A sole proprietorship is an unincorporated business that doesn’t have any legal separation from its owner.

An S corp is an LLC or corporation that has elected to be taxed as an S corporation.

Sole Proprietorship vs S Corp The main difference between a sole proprietorship and an S corp is that S corps have limited liability protection and tax options, whereas sole proprietorships do not.

table comparing s corp vs sole proprietorship

What is a Sole Proprietorship?

A sole proprietorship is an unincorporated business structure that isn’t legally separated from its owner. Sole proprietorships don’t offer limited liability protection or tax options.

Limited Liability Protection A type of legal protection that shields a business owner’s personal assets from losses and debts incurred by the business.

Sole Proprietorship Taxes

Sole proprietors pay income tax and self-employment tax on their business’s net profit. The business’s income passes-through to the owner’s individual tax return.

Pass-Through Taxation A system of taxation whereby the business’s profits or losses aren’t taxed at the business level. Instead, they “pass-through” to the owners’ personal tax returns and are taxed at each owner’s personal income tax rate.

When a sole proprietor has significant profit and minimal expenses, paying self-employment tax and income tax can create a heavy tax burden. An example would be an electrician or other skilled trades professional.

What is an S Corporation?

An S corporation (S corp) is an IRS tax status that incorporated businesses, like LLCs and corporations, can elect.

In fact, the S corp tax status can only be elected by an LLC or corporation. This means any business that operates as an S corporation also offers limited liability protection, just like any other LLC or corporation would.

Most small businesses should have liability protection so that the business owner’s personal assets are protected in the event of a business loss.

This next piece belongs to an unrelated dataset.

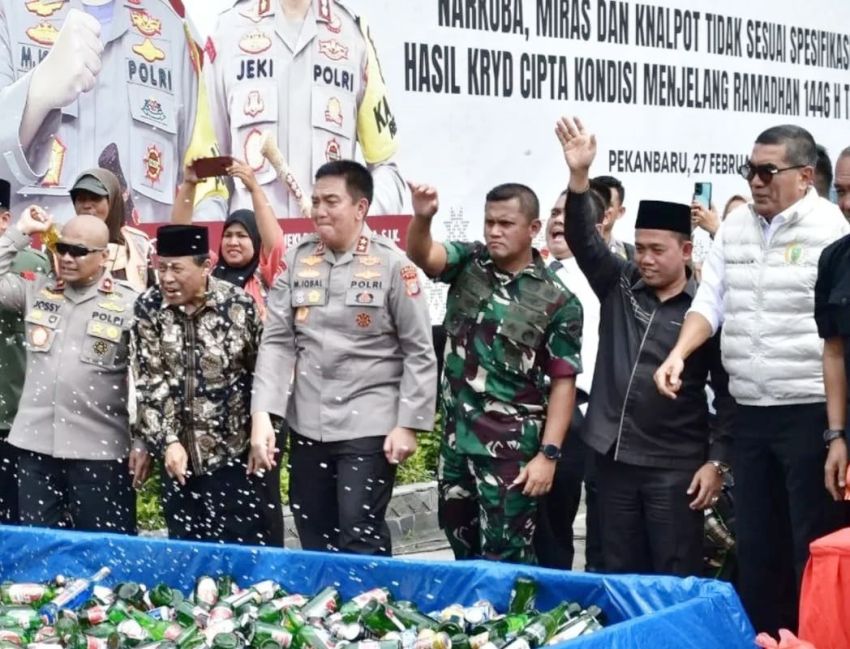 Bersama Forkopimda Riau, Ketua DPRD Pekanbaru Ikuti Pemusnahan Barang Bukti Bersama Polda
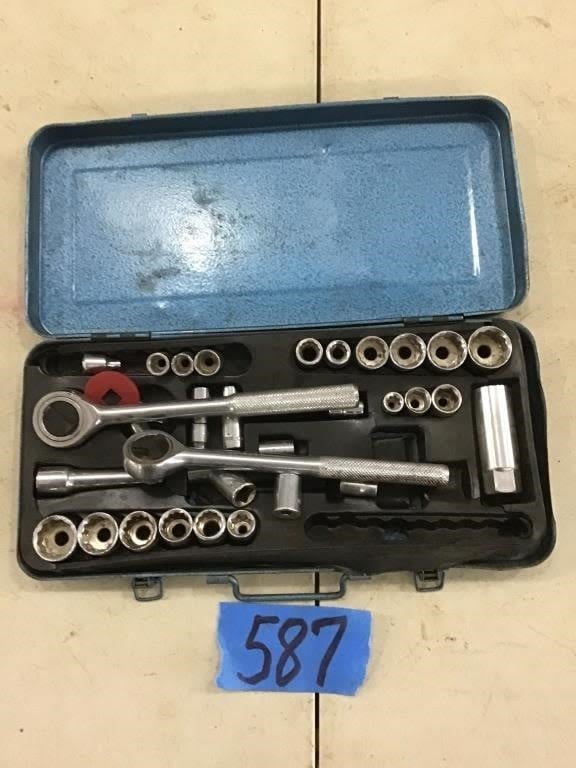 Lot 587: SOCKET SET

Sole proprietorships can elect S corp status when they form their LLC (or corporation). You can learn more about this process in our How to Change From a Sole proprietorship to LLC guide.

S Corporation Taxes

S corporations are taxed under Subchapter S of the IRS internal code. Under the S corp tax election, the IRS treats the business owner as an employee. As an owner-employee, the business owner doesn’t have to pay self-employment tax on their portion of the business’s profit.

In an S corp, the owner-employee pays FICA taxes and income taxes on their reasonable salary. Distributions are subject to only income taxes.

This can lead to significant tax savings under the right circumstances. Tax savings must be weighed against additional payroll and accounting taxes.

Learn more in our S Corp Taxes guide.

The Difference Between Sole Proprietorship vs S Corp Taxes

Sole proprietors pay self-employment taxes and income taxes on the net profit of the business.

In an S corp, the business owner pays FICA and income taxes on their “reasonable salary” and only income taxes on distributions.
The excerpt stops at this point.